Hello
I am doing a loop in which I take a frame from the camera, pass it to the GPU, do a preprocessing, do inference with a network, generate a mask (segmentation), pass that mask to the CPU and send the mask via UDP.
I have managed to convert the network to TensorRT, so the inference is done very quickly. Image preprocessing takes about 1 ms, inference takes about 1 ms and passing the mask from GPU memory to CPU memory takes 40 ms.
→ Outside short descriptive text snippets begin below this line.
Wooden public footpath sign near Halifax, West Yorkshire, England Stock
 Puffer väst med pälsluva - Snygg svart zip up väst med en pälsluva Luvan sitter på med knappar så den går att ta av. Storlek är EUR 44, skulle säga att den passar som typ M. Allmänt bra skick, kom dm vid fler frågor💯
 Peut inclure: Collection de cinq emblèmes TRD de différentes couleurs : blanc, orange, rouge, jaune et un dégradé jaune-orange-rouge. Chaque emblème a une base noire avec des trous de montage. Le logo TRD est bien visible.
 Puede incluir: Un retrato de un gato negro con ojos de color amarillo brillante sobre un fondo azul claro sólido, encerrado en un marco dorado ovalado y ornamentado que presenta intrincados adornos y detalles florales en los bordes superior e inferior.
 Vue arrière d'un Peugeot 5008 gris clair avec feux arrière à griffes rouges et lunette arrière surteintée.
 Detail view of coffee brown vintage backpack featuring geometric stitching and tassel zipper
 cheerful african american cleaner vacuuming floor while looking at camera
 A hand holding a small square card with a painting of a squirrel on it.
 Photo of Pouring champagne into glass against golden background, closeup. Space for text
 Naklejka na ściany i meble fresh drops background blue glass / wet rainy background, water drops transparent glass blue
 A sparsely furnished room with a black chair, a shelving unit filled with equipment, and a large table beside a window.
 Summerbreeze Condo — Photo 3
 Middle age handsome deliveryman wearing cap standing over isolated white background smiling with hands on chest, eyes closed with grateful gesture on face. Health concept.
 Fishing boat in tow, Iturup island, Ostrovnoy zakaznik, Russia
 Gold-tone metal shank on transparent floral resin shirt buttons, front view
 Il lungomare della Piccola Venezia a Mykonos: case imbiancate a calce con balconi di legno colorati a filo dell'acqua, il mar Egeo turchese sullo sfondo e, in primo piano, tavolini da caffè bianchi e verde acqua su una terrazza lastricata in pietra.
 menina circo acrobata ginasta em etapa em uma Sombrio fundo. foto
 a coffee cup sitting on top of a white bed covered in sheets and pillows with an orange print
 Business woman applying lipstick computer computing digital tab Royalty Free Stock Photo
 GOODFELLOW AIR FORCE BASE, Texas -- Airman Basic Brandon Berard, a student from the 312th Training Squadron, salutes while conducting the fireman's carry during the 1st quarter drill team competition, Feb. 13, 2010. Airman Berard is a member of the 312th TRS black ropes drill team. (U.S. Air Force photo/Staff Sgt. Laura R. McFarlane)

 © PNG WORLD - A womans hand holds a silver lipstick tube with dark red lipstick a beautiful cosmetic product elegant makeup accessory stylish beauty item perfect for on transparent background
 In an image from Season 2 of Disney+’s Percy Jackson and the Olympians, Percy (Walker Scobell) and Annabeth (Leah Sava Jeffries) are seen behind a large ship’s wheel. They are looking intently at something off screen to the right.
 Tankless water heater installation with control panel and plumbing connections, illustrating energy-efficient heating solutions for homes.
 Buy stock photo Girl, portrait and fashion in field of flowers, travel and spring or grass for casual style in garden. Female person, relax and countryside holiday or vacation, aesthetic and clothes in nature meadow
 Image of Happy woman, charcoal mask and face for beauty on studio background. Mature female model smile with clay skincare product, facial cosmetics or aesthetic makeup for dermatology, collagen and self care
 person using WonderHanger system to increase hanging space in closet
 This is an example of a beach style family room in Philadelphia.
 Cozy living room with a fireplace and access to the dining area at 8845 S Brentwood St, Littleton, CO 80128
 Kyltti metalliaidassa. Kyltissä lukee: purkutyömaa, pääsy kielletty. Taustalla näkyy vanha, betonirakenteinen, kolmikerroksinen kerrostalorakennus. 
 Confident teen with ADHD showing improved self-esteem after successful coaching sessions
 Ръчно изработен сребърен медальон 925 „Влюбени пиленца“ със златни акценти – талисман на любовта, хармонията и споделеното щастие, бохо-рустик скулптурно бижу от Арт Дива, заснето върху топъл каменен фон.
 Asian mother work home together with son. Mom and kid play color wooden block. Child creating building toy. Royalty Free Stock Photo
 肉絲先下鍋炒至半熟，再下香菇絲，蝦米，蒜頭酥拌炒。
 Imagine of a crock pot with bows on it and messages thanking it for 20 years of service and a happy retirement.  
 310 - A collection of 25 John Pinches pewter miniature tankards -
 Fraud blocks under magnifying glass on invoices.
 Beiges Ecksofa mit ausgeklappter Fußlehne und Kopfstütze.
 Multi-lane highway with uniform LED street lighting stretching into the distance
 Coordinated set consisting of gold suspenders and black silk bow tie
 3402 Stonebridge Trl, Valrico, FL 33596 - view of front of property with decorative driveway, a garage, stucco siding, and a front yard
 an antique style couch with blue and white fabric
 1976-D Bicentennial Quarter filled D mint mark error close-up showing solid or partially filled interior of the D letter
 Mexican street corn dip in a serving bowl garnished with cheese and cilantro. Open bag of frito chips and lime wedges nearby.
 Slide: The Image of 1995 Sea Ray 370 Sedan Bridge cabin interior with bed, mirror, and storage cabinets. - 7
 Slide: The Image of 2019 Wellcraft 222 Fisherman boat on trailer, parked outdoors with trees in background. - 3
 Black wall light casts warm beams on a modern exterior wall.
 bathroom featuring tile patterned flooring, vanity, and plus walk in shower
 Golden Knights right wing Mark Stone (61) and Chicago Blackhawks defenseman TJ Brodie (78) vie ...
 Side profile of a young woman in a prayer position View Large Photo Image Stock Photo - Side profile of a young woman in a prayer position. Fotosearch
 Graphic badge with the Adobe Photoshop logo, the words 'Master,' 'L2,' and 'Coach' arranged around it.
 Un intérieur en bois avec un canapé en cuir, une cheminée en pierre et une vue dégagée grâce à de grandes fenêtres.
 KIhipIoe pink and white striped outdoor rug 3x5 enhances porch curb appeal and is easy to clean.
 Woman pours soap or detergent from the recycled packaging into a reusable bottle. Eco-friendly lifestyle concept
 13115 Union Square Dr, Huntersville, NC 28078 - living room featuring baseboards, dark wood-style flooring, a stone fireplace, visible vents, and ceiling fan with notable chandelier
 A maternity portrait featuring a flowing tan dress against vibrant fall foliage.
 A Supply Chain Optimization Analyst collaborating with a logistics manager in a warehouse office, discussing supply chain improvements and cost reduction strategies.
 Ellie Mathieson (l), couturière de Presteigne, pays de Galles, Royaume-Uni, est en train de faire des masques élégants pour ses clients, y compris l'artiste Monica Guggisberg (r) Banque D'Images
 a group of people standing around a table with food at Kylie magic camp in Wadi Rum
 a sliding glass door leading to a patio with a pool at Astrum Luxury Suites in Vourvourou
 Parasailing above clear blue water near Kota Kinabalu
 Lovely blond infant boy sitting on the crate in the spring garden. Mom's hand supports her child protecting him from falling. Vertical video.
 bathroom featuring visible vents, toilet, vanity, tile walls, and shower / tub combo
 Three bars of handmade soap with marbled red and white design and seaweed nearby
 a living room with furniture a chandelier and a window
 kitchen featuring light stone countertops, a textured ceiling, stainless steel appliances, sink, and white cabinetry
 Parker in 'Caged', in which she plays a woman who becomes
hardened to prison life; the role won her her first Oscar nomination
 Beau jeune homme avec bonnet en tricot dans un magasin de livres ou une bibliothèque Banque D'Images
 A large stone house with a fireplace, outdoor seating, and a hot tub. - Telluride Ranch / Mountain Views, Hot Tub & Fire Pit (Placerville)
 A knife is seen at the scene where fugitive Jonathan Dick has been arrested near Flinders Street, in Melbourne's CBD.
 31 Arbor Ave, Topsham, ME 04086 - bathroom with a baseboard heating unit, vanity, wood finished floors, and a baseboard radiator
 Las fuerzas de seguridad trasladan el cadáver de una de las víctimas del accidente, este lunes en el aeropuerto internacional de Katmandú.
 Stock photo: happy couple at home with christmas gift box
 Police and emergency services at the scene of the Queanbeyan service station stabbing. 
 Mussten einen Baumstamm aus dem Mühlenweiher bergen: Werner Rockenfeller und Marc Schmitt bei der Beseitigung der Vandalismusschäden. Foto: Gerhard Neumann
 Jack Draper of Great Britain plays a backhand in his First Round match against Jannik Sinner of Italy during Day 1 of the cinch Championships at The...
Now my problem is that passing the mask from the GPU to the CPU is very slow. As in the Jetson (in my case I have a Jetson AGX Orin) the CPU and GPU use the same RAM, is it possible to make a shared memory, so that I don’t have to do the process of passing the mask from one memory to the other?
This is my loop
while True:
ret, frame = video_frame.read()
if not ret:
continue
# Preprocess image
img = model_pidnet.preprocess_image(frame, height, width)
# Inference
mask, img = model_pidnet(img)
# Postprocess
mask = F.interpolate(mask, size=img.size()[-2:], mode='bilinear', align_corners=True)
mask = torch.argmax(mask, dim=1).squeeze(0).type(torch.uint8).
mask = mask.cpu()
mask = mask.numpy()
The problem is in the line mask = mask.cpu()
, it is the one that takes about 40 ms.
The post-processing is also in a function of the class, I have put it like this to better understand the problem
Thanks in advance
Best regards